Il est loin le temps où il était simplement question de sauver une demoiselle en détresse. Prenez parmi les jeux les plus importants de ces dernières années, Gone Home, The Walking Dead, Bioshock Infinite ou encore The Last of Us : l’enjeu n’y est plus de sauver la fille comme on sauve le monde, de sorte qu’à la fin, l’autre ne se donne que comme un simple objet de récompense, mais au contraire, de construire un lien mis en perspective selon un regard et des possibilités d’interaction témoignant d’affects élémentaires mais pourtant essentiels. Plus de filles à sauver donc, mais qu’il faut plutôt comprendre dans un cheminement avec le joueur, comme le bambin de Murasaki Baby, produit par Sony pour la PS Vita et développé par les italiens d’Ovosonico. Signe que le territoire des sentiments qu’explore le jeu vidéo s’agrandit sans cesse, Murasaki Baby part ainsi du simple fait de se tenir la main, dans la lignée d’Ico, pour confronter in fine le joueur à l’art délicat d’être parent.

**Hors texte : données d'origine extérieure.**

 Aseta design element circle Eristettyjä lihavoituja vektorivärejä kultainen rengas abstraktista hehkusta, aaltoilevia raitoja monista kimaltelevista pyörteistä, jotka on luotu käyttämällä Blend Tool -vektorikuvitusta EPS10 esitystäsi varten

Entièrement tactile, Murasaki Baby propose de faire avancer un bébé à la recherche de sa mère, sans jamais faire éclater le ballon violet qu’il tient dans sa main (murasaki signifie violet en japonais). Sur sa route, ce sont divers obstacles et pièges qui l’attendent et qu’il faut déjouer en utilisant notamment le track pad arrière (intelligemment utilisé ici, ce qui est assez rare pour être souligné): le joueur peut en faisant glisser ses doigts changer l’arrière plan qui viendra différemment teinter l’humeur du bébé, mais surtout permettre une nouvelle utilisation tactile (faire apparaître la pluie pour éteindre un feu, le vent pour faire avancer un bateau, changer la gravité etc.). Au fil de ses niveaux, le jeu dessine alors un même impératif : savoir faire preuve d’attention et de délicatesse. Il s’agit de ne pas tirer l’enfant trop vite, bien le guider sous peine de le voir trébucher à la moindre brusquerie, manier avec précision et patience le ballon qu’il tient en main pour éviter qu’il le perde ou qu’il n’éclate, surveiller encore les autres bambins dans le jeu pour qu’ils ne volent pas le ballon de son personnage ou ne l’embêtent.

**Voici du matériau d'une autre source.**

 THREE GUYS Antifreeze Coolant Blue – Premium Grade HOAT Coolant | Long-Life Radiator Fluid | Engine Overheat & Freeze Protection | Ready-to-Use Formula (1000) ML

En réduisant au maximum la distance entre le joueur et le bambin (le jeu est ainsi débarrassé de tout élément d’interface, selon le principe de conception par soustraction cher à Ueda), Murasaki Baby amène ainsi le joueur à se concentrer sur le bébé et agir avec soin, mais aussi se rendre sensible à une multitude de détails et d’animations, vibrant dans les crayonnés du dessinateur Paride Bertolin, non sans rappeler les univers de Tim Burton et d’Edward Gorey. Fort d’une direction artistique impeccable, le jeu se repose cependant sans doute un peu trop dessus pour vraiment émouvoir, au point de manquer de difficulté et de complexité dans son level design pour éprouver avec plus d’intensité le lien avec le bébé. Reste néanmoins un beau plan final pour couronner l’aventure, accompagné par les accords doux amers d’une chanson d’Akira Yamaoka (compositeur de Silent Hill). Parvenu alors au seuil d’une porte entrouverte, le bébé au ballon violet s’arrête, regarde le joueur, et fini par briser ce quatrième mur que le joueur avait déjà franchi depuis longtemps.